I was down to 6 shelves of books.
What with e books and e readers and e check out at libraries there weren’t any other books I felt I would need.
I can get almost anything ever printed anywhere in front of my eyes so I was good.
But I keep going to bookstores.
I keep going to places with books for sale.
Regardless of any and all changes in space and place in my life, this voice inside me tells me there is always room for more books.
Why can’t I learn.
But then what would I learn?
That books aren’t like jello?
There isn’t always room for more?
I know that’s a lie so I can’t get myself to even say it let alone believe it.
Books are like jello and there always room for more and I can’t change that.
This is where I was mentally last Saturday.
My wife and I went to the Beaufort County Library.
And, doggone it, right inside the front door are the books cases for the Friends of the Library sale.
Walk on past, you say.
Well, easier said than done.
And besides no harm no foul, I rarely see anything on these shelves that I have to have.
Most of the time.
Then I saw them.
The multi volume set of Shelby Foote’s History of the Civil.
In mint condition.
Like new if maybe not, new.
For sure never read after someone got the set as a gift, I am sure.
I looked at the set for a minute.
I picked one up.
In that moment I experienced nothing less that pure unadulterated covetness.
I had to own it.
The volume had a red dot sticker on the spine.
I looked at the sign.
Red Dot books were $1.
So I know what you are thinking.
What’s the big deal?
Admit it.
That is what you are thinking.
Mr. Foote’s History of the Civil War is in three volumes so we are talking three large paperback books and three bucks.
Big deal.
Well …
See …
This was the special illustrated edition.
This was the special illustrated edition of Shelby Foote’s History of the Civil War.
This was the special illustrated edition of Shelby Foote’s History of the Civil War in 14 hard cover volumes.
Why did I need these books?
Who in their right mind needs these books?
I guess that’s where I lost the argument as no one would ever say I am ever in a right mind.
I just can’t help myself.
But I showed restraint.
I put the book back down on the stack.
That beautiful stack of beautiful books.
Don’t need them, I said to myself.
Then myself says to me … YOU ARE GOING TO ARGUE OVER $14?
And how could I argue with that.
Maybe it was that it was the complete set of all 14 books.
I had seen this set before in a used bookstore but with only 12 of the 14.
Now all 14 were in front of me.
When I think of complete sets of books like this I always think of the Alfred Hitchcock movie Read Window with Jimmy Stewart.
I think of the line when Stewarts friend the cop describes what would happen if he went before a Judge with a case based on Stewart’s version of what happened.

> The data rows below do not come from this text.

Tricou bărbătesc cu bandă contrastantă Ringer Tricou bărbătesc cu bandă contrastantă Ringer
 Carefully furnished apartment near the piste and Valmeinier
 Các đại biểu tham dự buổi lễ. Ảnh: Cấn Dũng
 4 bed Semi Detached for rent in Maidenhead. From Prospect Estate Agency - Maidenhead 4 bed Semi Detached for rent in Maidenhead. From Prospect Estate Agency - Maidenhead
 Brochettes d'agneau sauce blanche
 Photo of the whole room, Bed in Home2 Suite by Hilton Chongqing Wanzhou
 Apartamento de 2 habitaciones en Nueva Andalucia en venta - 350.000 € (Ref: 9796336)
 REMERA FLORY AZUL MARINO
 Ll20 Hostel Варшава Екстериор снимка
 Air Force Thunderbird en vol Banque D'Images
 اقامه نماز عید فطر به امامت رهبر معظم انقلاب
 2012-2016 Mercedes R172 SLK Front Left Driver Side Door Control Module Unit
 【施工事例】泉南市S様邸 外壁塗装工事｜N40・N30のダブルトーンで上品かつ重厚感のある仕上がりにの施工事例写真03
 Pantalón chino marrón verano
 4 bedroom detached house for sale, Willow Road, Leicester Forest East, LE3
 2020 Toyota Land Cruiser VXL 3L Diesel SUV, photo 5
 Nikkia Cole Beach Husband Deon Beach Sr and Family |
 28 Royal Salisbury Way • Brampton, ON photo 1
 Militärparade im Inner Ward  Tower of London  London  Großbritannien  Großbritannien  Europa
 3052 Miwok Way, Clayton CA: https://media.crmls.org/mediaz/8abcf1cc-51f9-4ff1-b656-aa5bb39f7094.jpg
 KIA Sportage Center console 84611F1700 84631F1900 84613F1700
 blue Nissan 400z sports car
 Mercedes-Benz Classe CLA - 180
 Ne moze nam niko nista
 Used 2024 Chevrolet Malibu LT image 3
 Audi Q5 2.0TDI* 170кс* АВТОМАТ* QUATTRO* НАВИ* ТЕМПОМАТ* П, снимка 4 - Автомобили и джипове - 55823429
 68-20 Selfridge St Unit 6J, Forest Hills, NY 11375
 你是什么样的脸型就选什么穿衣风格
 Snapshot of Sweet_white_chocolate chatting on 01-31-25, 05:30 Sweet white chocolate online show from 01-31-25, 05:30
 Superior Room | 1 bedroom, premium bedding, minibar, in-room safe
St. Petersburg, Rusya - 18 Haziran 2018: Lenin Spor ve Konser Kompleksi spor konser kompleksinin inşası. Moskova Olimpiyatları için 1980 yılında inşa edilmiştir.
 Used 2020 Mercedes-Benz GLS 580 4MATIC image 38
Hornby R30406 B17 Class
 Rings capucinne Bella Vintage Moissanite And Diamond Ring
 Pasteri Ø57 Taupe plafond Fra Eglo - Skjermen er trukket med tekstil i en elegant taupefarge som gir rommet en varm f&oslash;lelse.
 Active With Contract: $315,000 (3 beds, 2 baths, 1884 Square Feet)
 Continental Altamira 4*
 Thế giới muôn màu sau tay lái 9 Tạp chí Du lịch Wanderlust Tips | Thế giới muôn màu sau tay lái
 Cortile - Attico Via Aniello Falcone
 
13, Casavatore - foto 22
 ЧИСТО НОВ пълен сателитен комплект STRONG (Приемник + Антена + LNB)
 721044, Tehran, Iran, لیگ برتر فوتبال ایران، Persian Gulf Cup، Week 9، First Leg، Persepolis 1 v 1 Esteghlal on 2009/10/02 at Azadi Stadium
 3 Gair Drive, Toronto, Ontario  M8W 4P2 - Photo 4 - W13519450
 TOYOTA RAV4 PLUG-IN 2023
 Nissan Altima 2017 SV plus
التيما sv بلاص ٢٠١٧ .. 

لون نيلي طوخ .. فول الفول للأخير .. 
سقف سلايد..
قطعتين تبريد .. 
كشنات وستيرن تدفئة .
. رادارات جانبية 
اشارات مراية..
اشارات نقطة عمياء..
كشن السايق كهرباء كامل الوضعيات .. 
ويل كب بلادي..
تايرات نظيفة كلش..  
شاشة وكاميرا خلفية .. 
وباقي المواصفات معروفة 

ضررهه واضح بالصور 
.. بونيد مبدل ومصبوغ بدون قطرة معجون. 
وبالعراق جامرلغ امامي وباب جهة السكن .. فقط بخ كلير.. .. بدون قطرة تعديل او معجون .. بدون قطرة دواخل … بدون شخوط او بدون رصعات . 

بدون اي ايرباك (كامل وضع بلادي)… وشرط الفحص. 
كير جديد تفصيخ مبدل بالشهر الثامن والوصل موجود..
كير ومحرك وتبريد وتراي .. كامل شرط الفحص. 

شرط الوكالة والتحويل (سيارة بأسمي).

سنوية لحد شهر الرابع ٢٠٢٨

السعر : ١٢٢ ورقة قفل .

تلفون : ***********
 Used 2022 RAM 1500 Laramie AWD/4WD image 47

The cop tells Stewart, “… He’d throw the New York State Penal Code right in my face … and it’s six volumes.”
Anyway my wife comes up and asks if I found anything.
“Well,” I said, “pointing, this set …”
“THIS SET!”, she says.
Where are going to put that was her first thought.
Her second thought was to ask if the Friends of the Library took a debit card.
When we were told no they did not, my wife says maybe if they will hold them until Monday, she will get some cash when she is out and about.
My dear wife.
It really is nice when your wife is also your best friend.
I just got back from the library.
Long story short, I have to find a place to put these 14 books.